Hierarchical ordering of reticular networks

TL;DR

This paper introduces a generalized Horton-Strahler ordering scheme for weighted planar reticular networks, enabling hierarchical analysis of networks with loops, with applications to biological systems like leaf venation.

Contribution

It extends the classical ordering method to loop-containing networks and provides a theoretical analysis of its sensitivity to weight changes.

Findings

Successfully assigns hierarchical levels to loops and edges in reticular networks.

Differentiates between reticular and tree edges in the network.

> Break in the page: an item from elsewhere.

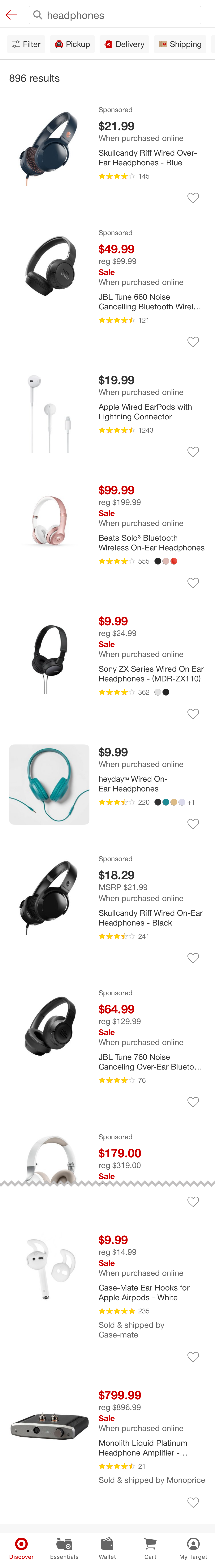 Mobile screenshot of undefined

Demonstrates applicability to biological networks such as leaf venation.

Abstract

The structure of hierarchical networks in biological and physical systems has long been characterized using the Horton-Strahler ordering scheme. The scheme assigns an integer order to each edge in the network based on the topology of branching such that the order increases from distal parts of the network (e.g., mountain streams or capillaries) to the "root" of the network (e.g., the river outlet or the aorta). However, Horton-Strahler ordering cannot be applied to networks with loops because they they create a contradiction in the edge ordering in terms of which edge precedes another in the hierarchy. Here, we present a generalization of the Horton-Strahler order to weighted planar reticular networks, where weights are assumed to correlate with the importance of network edges, e.g., weights estimated from edge widths may correlate to flow capacity. Our method assigns hierarchical levels not only to edges of the network, but also to its loops, and classifies the edges into reticular edges, which are responsible for loop formation, and tree edges. In addition, we perform a detailed and rigorous theoretical analysis of the sensitivity of the hierarchical levels to weight perturbations. We discuss applications of this generalized Horton-Strahler ordering to the study of leaf venation and other biological networks.